I see what you see...Good eye! I guess we won't know until the auction listing comes out.


----------



## Rust_Trader (Sep 27, 2011)

Aerocycle36 said:


> I see what you see...Good eye! I guess we won't know until the auction listing comes out.




Pictures are bad quality when taken from a video but on the video you can clearly see the unique double springs for the seat on that red bike, and the speedo gooseneck on the handlebars.

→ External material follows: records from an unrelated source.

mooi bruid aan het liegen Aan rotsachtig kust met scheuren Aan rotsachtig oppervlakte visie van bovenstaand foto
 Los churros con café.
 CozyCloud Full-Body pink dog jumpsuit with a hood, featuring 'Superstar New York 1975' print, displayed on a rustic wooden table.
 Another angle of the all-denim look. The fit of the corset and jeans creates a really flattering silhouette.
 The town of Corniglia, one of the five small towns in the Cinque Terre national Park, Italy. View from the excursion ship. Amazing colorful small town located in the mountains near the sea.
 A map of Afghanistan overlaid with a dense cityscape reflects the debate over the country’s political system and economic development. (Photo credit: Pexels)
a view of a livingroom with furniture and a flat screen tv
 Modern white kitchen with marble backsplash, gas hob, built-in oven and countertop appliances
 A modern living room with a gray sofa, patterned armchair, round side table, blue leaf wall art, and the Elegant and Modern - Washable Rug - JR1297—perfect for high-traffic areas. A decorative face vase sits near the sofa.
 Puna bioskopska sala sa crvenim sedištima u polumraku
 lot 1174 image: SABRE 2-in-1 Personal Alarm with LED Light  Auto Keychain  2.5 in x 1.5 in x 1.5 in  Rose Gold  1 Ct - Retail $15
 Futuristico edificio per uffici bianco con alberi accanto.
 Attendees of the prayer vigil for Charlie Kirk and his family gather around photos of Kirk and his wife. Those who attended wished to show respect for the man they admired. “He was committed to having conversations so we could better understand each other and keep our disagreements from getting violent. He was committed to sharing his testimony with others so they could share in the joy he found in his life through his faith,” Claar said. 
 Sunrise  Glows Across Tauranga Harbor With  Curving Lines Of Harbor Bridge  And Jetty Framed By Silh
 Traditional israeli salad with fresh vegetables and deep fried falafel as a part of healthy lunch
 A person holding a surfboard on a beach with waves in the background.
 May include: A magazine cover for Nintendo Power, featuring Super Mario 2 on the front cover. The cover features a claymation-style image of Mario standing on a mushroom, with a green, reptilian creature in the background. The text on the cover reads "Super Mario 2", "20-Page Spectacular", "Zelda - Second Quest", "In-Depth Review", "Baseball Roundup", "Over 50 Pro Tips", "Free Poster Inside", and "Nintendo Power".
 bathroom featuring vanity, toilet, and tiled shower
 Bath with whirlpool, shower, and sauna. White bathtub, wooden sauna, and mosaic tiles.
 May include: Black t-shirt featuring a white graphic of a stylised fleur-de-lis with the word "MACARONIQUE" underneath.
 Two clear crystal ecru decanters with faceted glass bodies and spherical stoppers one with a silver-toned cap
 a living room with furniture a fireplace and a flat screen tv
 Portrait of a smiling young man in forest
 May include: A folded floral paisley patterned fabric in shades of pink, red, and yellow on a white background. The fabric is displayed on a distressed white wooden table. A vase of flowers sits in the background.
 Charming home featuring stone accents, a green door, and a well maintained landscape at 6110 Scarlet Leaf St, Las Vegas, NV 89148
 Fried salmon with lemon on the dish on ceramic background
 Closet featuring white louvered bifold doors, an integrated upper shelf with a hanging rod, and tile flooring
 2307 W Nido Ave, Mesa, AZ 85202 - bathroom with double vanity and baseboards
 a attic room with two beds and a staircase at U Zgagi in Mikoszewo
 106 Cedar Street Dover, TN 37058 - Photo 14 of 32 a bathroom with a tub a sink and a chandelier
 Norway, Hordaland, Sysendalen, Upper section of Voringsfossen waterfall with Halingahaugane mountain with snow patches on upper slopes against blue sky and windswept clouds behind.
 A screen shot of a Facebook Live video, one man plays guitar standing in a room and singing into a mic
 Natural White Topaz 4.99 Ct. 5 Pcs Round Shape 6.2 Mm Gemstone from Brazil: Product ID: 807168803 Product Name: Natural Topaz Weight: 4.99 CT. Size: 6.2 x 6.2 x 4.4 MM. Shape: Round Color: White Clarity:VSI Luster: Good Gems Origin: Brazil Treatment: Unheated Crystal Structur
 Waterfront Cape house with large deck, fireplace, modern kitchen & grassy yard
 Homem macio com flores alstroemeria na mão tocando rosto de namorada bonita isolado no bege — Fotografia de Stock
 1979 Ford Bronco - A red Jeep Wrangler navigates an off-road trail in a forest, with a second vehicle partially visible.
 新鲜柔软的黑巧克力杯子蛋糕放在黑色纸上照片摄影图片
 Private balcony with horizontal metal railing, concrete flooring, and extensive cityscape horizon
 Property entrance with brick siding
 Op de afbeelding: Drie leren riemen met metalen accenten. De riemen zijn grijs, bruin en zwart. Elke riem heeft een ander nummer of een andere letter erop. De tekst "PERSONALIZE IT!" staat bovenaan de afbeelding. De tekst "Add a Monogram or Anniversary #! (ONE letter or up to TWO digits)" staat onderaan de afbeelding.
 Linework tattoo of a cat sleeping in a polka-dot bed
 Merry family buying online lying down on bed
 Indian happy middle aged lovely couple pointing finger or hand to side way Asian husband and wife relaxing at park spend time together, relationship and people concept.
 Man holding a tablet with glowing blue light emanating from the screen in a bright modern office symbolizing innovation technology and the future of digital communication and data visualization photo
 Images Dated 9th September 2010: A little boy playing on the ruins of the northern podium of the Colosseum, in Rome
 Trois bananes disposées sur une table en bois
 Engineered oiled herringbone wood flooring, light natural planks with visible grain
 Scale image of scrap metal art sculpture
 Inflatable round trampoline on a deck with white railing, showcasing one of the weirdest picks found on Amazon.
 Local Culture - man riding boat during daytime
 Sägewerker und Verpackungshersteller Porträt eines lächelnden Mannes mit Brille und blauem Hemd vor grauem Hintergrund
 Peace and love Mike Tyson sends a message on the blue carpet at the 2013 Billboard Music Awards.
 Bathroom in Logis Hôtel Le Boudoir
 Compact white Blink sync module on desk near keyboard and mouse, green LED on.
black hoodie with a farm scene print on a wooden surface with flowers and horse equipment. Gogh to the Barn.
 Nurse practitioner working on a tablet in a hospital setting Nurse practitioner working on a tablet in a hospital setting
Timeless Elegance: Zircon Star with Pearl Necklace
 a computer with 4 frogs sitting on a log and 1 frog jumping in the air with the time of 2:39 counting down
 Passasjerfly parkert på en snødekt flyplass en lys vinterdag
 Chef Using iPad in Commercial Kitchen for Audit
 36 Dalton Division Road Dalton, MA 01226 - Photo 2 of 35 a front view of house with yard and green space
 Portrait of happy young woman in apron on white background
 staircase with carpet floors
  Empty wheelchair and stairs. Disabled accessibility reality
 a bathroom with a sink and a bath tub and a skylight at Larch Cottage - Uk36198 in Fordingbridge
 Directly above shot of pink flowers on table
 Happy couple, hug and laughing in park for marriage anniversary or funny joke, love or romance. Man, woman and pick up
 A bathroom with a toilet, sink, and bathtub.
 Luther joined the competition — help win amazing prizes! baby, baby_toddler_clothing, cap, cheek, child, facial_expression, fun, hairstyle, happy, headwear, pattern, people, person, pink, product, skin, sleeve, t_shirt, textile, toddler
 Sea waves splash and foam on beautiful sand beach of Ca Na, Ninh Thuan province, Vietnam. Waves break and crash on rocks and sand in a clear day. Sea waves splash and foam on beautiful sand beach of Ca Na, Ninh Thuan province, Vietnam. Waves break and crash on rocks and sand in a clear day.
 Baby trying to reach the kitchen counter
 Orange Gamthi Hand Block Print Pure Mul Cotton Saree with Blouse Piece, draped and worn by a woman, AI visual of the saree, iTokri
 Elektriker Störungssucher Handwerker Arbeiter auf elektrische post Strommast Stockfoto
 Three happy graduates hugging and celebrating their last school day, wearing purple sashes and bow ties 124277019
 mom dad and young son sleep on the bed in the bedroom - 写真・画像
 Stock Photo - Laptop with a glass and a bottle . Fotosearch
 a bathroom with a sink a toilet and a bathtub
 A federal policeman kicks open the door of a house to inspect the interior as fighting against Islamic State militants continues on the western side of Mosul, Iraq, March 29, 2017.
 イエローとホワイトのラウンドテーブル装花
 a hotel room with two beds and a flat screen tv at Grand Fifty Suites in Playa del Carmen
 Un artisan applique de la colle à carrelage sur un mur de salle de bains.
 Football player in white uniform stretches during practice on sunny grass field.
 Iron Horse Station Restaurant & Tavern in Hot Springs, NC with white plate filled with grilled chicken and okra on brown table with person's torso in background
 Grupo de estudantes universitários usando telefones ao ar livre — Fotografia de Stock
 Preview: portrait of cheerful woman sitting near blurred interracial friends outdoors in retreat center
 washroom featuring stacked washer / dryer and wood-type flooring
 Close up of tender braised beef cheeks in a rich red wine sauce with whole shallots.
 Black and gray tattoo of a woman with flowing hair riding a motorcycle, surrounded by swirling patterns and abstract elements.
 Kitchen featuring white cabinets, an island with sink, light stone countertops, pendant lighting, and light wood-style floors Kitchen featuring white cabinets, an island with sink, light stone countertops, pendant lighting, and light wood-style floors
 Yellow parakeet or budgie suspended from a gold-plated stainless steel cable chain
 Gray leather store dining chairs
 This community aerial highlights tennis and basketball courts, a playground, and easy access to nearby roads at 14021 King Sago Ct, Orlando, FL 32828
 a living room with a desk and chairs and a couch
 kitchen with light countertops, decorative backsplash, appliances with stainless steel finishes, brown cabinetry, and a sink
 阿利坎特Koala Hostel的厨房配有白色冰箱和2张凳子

Yeah can't wait for thy catalog and hopefully they have online bidding.


----------



## Aerocycle36 (Sep 27, 2011)

I heard that there is going to be online bidding and also a 15 percent additional fee on a winning bid, I think they call that the buyer's premium... I don't know. It'll be November 3rd, 4th, 5th and 6th.


----------



## Aerocycle36 (Sep 27, 2011)

http://www.auctionsamerica.com/events/event.cfm?SaleCode=LH11   Here is the auction website... No info or photos yet.


----------



## chitown (Sep 27, 2011)

*Fighting for the leftovers!*

I have a feeling that some of these gems have been gobbled up already. I'm sure there was some pre-auction action going on and the auction is the leftovers from the prime pickers who caught sent of this find and who would have swooped in like hungry vultures over some prime carrion with the auction being the Jackals (who showed up late to the kill after seeing full bellied vultures flying in the opposite direction) fighting for the last of the scraps. Now that said, the leftover scraps should be gems in their own right but... my $ says there is no Evinrude in the listing... 

to be continued...


----------



## Talewinds (Sep 27, 2011)

chitown said:


> I have a feeling that some of these gems have been gobbled up already. I'm sure there was some pre-auction action going on and the auction is the leftovers from the prime pickers who caught sent of this find and who would have swooped in like hungry vultures over some prime carrion with the auction being the Jackals (who showed up late to the kill after seeing full bellied vultures flying in the opposite direction) fighting for the last of the scraps. Now that said, the leftover scraps should be gems in their own right but... my $ says there is no Evinrude in the listing...
> 
> to be continued...





Ahhhh, this is an interesting perspective. The conspiracy theory so to speak, and highly likely in these kinds of scenarios. 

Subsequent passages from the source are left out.